*** Opening of SOURCE MATERIAL ***

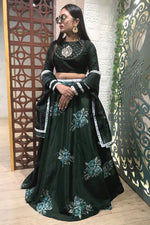 Load image into Gallery viewer, Tempting Dark Green Color Function Wear Art Silk Fabric Lehenga

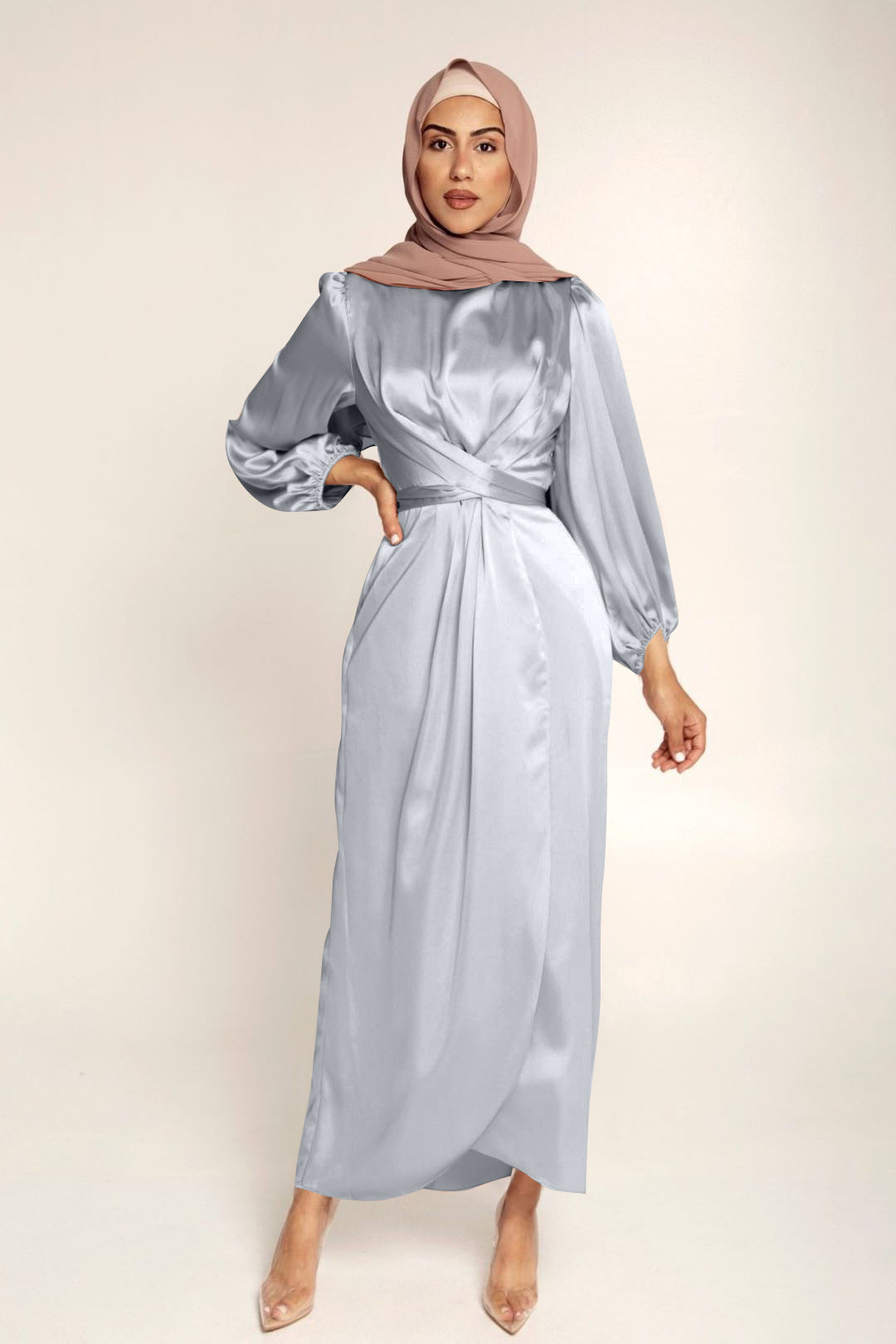 Robe tunique féminine Loriya, robe en satin de Dubaï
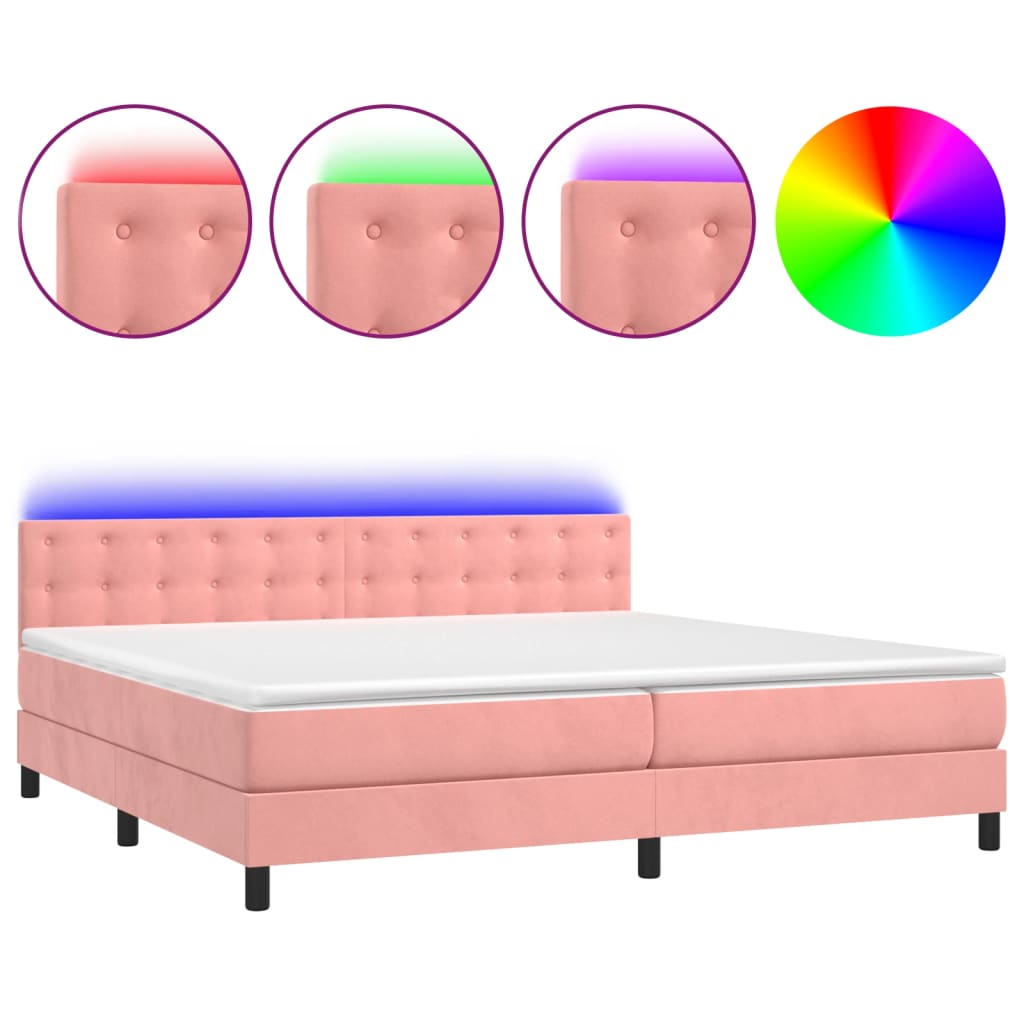 Box spring bed with mattress &amp; LED pink 200x200 cm velvet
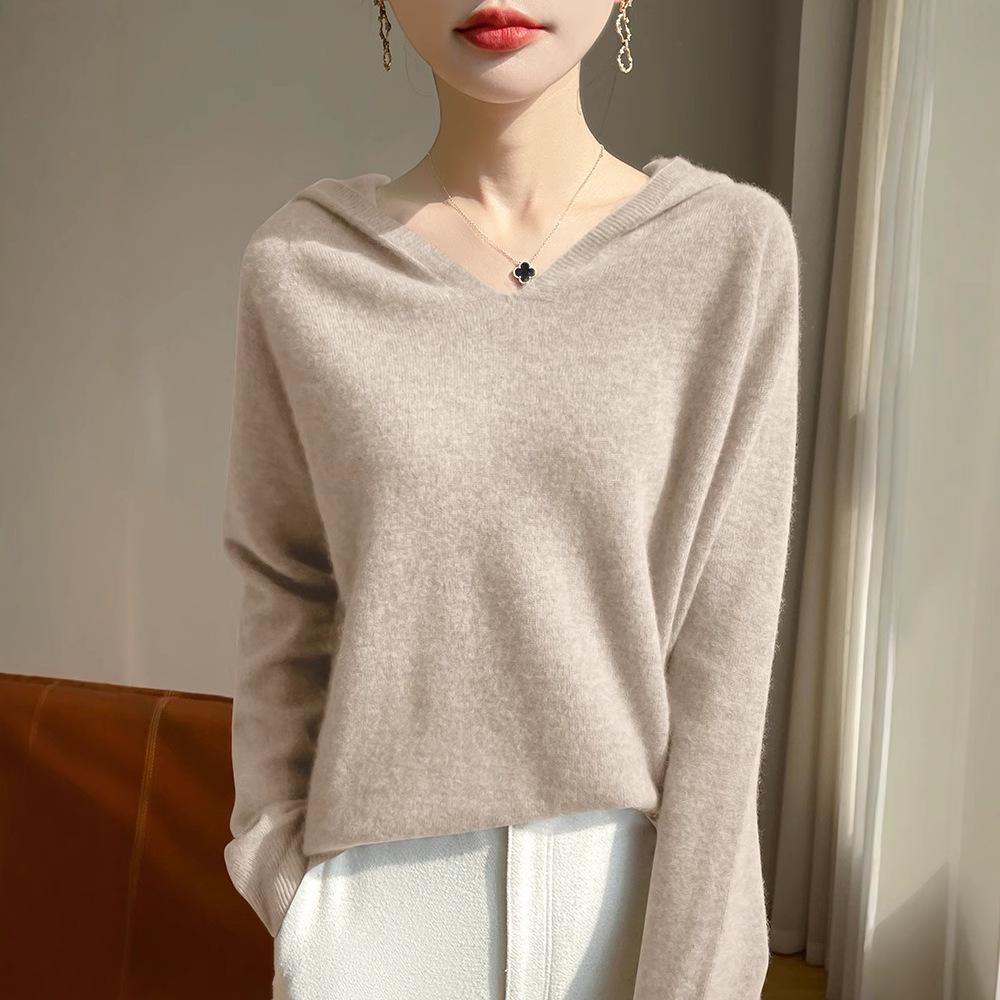 Women's Autumn/Winter Wool Silk Hooded Sweater: Skin-Friendly, Loose Fit Knitwear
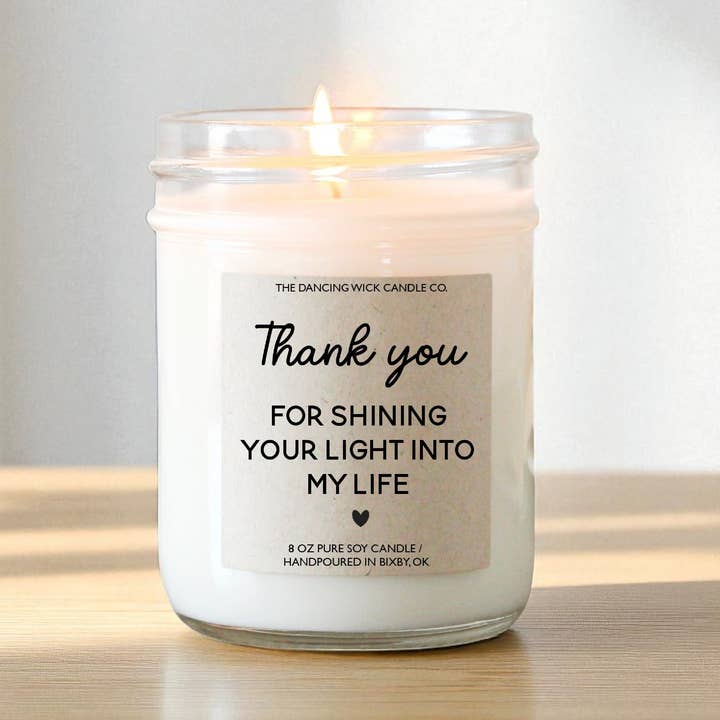 THE DANCING WICK CANDLES - Wholesale Jar/Filled Candle - Thank You Gift Candle / Warm Wishes Scent0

*** Close of SOURCE MATERIAL ***

**EXERCISE OBJECTIVE**
Here the records must be restated exactly, minus any images.

**ANSWER SECTION**
 Load image into Gallery viewer, Tempting Dark Green Color Function Wear Art Silk Fabric Lehenga

 Robe tunique féminine Loriya, robe en satin de Dubaï
 Box spring bed with mattress &amp; LED pink 200x200 cm velvet
 Women's Autumn/Winter Wool Silk Hooded Sweater: Skin-Friendly, Loose Fit Knitwear
 THE DANCING WICK CANDLES - Wholesale Jar/Filled Candle - Thank You Gift Candle / Warm Wishes Scent0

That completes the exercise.